I knew what I was getting into.

When I found myself pregnant at 37, I was at once elated and apprehensive.

I mean, come on people, I'm getting old.

On more than one occasion, I've rejoiced in the fact that my kids were out of diapers, could be trusted to not put childproof outlet plugs in their mouths and had stopped eating bits of carpet fuzz.

I remember when the twins had been fully, reliably diaper trained, telling my then-sister-in-law that I was through with the baby stage. Forever.

Then along came Crowbar.

And so it began. Again.

Back to diapers. Back to spending dinnertime picking up the baby's cup.

Then the spoon.

Then a plate.

Then the cup again.

Back to blowing on (and cursing at) baby's food to cool it down while he howled in ravenous desperation -- and while inexplicably, my own plate was already ice cold. Back to scraping dried bits of macaroni off my kitchen floor.

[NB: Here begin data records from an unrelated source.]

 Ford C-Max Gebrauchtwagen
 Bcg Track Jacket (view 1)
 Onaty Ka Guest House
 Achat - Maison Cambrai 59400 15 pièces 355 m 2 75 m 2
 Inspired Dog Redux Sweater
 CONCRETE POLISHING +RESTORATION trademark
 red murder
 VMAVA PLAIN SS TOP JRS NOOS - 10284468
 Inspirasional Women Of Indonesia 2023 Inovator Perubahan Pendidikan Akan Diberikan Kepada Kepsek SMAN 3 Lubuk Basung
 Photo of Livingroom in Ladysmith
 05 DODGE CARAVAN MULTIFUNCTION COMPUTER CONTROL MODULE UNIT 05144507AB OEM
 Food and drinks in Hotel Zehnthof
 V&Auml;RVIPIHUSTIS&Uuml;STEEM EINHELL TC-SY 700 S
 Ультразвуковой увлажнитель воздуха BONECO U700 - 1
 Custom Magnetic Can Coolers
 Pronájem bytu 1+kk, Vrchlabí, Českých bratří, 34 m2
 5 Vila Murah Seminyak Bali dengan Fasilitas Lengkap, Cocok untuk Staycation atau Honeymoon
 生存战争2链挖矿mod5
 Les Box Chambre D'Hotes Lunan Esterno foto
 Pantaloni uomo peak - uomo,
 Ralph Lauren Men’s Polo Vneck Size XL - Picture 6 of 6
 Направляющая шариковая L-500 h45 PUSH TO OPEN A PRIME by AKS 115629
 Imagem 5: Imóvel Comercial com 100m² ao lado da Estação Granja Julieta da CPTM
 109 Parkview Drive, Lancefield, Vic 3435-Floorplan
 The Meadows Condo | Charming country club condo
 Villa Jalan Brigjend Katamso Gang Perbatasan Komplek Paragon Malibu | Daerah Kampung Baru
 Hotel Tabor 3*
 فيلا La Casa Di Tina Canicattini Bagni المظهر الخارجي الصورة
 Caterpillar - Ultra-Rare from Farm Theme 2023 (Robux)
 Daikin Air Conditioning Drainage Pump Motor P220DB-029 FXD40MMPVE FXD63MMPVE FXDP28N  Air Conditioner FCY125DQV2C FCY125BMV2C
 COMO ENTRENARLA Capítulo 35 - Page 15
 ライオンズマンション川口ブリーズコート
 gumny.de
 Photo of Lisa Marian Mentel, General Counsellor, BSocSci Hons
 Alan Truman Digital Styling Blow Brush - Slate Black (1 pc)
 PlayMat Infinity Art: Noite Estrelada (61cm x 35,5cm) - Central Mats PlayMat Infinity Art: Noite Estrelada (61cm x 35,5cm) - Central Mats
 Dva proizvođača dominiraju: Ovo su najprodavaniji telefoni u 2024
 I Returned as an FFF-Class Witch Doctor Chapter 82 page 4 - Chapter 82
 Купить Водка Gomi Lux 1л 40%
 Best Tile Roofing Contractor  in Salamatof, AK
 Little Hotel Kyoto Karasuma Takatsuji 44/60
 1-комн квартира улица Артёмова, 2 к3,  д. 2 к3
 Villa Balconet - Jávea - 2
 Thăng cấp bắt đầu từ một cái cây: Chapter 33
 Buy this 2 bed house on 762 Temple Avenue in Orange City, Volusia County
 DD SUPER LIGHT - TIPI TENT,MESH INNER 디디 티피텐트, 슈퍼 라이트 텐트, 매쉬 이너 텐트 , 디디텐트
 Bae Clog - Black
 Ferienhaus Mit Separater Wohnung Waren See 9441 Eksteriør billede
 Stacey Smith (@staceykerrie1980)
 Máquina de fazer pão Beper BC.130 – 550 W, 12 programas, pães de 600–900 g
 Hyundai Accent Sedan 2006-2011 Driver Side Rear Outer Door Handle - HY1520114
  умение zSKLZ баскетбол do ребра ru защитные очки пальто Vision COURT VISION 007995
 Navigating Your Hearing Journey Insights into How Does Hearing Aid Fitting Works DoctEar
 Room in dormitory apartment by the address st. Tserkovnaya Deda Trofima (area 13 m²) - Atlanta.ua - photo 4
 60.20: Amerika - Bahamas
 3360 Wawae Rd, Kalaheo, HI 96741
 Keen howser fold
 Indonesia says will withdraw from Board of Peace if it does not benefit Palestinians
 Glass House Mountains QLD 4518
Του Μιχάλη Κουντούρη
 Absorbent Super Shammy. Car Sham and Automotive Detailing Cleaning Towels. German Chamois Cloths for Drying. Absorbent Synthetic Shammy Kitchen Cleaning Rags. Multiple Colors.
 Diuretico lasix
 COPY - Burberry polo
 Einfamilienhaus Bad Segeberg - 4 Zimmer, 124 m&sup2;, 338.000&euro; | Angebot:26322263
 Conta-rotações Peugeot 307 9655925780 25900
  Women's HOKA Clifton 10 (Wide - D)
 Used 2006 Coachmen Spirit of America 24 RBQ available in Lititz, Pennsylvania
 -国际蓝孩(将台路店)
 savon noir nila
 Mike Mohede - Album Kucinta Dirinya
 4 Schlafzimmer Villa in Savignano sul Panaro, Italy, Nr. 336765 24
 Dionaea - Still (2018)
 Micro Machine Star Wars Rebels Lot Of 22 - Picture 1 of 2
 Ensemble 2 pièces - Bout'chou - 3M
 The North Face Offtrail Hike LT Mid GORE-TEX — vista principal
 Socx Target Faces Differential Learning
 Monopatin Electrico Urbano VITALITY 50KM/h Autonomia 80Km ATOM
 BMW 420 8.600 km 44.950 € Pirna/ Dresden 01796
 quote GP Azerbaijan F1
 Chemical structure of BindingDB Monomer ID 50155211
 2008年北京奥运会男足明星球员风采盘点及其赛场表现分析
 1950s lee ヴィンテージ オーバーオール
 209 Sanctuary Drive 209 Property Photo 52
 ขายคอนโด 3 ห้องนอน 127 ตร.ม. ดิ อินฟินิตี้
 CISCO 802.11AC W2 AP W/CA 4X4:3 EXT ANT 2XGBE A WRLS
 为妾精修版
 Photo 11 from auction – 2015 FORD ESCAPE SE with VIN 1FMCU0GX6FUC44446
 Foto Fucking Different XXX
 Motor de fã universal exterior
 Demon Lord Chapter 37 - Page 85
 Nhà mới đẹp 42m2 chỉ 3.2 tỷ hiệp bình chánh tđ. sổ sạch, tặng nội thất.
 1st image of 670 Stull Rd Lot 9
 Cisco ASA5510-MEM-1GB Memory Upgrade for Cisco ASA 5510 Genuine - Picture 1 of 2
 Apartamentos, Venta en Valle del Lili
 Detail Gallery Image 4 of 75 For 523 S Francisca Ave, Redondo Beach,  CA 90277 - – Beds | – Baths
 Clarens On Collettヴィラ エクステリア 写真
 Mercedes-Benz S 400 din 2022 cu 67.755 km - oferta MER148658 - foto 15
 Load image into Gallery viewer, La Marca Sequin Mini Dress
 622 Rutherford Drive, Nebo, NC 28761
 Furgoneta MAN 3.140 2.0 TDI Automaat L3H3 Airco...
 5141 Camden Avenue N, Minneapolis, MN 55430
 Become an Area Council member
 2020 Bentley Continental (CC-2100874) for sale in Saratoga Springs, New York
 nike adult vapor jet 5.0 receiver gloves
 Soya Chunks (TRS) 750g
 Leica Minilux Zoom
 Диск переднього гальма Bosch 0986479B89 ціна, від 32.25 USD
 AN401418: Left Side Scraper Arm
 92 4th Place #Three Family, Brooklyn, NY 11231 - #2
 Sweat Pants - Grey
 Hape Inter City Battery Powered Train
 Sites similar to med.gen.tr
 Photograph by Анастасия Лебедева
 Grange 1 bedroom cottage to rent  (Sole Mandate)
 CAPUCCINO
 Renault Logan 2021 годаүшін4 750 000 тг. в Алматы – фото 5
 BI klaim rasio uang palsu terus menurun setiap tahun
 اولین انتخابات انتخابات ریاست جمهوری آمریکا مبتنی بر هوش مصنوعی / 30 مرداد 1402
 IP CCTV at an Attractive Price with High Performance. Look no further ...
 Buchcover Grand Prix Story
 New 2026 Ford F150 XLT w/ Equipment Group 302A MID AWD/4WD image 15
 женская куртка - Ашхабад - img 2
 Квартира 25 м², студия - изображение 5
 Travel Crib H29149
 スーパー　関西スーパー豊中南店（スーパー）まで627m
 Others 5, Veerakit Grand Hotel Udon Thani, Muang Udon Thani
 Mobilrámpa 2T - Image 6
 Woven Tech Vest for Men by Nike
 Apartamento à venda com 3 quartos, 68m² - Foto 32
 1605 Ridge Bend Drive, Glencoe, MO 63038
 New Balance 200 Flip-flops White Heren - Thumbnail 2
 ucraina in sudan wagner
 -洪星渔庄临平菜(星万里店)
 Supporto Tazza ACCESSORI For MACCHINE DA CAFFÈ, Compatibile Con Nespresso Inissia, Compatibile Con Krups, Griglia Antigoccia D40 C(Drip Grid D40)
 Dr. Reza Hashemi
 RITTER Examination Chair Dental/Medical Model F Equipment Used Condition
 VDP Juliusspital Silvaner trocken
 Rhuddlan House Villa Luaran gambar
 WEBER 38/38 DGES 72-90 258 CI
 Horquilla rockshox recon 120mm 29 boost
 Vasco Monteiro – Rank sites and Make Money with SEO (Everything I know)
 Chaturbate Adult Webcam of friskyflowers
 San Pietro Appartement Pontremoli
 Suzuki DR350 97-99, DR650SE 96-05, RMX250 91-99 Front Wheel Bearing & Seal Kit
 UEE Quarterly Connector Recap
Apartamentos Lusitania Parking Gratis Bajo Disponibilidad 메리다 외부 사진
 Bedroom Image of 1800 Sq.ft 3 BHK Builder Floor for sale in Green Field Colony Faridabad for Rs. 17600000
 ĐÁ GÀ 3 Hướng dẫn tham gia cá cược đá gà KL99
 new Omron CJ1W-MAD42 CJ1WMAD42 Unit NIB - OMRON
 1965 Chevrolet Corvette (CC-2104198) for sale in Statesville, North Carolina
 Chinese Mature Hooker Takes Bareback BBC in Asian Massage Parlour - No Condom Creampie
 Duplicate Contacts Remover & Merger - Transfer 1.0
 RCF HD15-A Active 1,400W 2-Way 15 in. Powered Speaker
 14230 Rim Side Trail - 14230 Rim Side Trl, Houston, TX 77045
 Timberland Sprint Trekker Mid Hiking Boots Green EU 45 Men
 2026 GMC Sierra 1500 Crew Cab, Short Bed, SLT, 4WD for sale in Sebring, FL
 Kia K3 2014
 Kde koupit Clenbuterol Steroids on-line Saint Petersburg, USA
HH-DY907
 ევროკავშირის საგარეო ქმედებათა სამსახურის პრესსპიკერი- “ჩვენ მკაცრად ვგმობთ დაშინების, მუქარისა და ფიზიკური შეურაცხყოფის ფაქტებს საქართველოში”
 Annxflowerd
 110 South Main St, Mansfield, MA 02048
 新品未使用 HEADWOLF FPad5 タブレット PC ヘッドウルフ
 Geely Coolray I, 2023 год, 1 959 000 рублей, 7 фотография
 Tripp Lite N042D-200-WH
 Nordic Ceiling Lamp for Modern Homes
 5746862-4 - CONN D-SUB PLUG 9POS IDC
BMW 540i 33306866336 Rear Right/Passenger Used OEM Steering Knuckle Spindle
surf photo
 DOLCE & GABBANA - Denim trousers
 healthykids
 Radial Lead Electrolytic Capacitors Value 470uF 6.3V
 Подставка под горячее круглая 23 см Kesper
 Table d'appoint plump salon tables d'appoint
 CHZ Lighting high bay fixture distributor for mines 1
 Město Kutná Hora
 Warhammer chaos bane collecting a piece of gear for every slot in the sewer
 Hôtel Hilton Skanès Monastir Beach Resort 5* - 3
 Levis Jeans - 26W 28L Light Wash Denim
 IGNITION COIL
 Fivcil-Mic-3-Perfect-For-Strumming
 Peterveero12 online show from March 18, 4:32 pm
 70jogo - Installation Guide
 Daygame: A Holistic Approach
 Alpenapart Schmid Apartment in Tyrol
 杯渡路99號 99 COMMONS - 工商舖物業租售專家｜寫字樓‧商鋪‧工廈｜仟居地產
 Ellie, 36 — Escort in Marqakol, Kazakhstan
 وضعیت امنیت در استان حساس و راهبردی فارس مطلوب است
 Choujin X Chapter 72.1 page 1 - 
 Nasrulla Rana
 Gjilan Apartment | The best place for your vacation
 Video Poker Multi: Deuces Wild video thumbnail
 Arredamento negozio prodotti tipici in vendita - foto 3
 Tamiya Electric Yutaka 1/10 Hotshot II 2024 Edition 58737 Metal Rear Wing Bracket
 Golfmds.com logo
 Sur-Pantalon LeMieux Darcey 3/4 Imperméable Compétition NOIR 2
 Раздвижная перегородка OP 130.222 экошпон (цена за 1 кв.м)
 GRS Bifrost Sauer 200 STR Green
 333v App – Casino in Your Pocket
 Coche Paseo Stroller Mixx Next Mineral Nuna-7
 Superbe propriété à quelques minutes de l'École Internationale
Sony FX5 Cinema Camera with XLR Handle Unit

And, thankfully, he graduated from that frustrating, socially isolating, house-destroying phase. And again I rejoiced and swore my baby years were behind me. For good.

And then came Sweet Pea.

Although, I knew things would be different this time.

For one, I wasn't entering the baby stage alone. My current husband -- he loves it when I call him that -- is able to help me much more than my ex ever was. (I never will take for granted working the same shift as my husband. I can think of no greater stress on a marriage.)

Plus, Mark's entering the game fresh. He's enthusiastic and energetic -- a perfect match to my grizzled, worn-out veteran self. Hell, he still thinks it's cute when Sweet Pea pulls every pot, pan and dish out onto the kitchen floor. While I have a tough time not just seeing more dishes to wash.

And knowing Sweet Pea is my last baby, I find I'm more forgiving of frustrating toddler behavior. The meltdowns, the sticky hands, the failure to respond to the word, "No!"

Honestly, as tough as the early years can be, I can think of nothing cuter than a baby -- my baby -- in footie pajamas, toddling over and lifting her arms up to me looking for a snuggle. Or a dance in the kitchen. Or to lay her head on my shoulder for a quick siesta.

It's rewarding and exhausting all together. And despite shooing my baby girl away from the dog's dish and the kitchen garbage 1,000 times a day, I'm right where I belong.

I knew what I was getting into. And I love it.